> [Instructions to follow] Wherever a line of the data contains "Symptoms", copy that line.

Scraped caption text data

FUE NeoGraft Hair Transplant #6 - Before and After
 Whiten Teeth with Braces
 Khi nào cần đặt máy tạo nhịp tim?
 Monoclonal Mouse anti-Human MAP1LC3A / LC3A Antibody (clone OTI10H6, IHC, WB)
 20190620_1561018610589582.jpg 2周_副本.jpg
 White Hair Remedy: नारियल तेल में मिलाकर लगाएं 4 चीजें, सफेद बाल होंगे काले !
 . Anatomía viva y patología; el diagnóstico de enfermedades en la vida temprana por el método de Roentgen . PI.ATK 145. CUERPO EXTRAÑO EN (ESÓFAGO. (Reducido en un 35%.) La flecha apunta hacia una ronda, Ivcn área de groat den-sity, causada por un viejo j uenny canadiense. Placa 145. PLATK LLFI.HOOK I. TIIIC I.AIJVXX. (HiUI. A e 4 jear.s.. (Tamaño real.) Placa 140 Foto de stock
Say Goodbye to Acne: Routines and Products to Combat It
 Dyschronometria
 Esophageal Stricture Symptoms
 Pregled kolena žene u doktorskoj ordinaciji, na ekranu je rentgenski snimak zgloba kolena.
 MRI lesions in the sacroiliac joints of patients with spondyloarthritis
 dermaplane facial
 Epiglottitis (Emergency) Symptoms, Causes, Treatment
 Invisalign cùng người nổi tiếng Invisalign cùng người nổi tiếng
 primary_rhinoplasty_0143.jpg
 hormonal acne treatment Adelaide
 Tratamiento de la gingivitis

> [Solution for this task]
 Esophageal Stricture Symptoms
 Epiglottitis (Emergency) Symptoms, Causes, Treatment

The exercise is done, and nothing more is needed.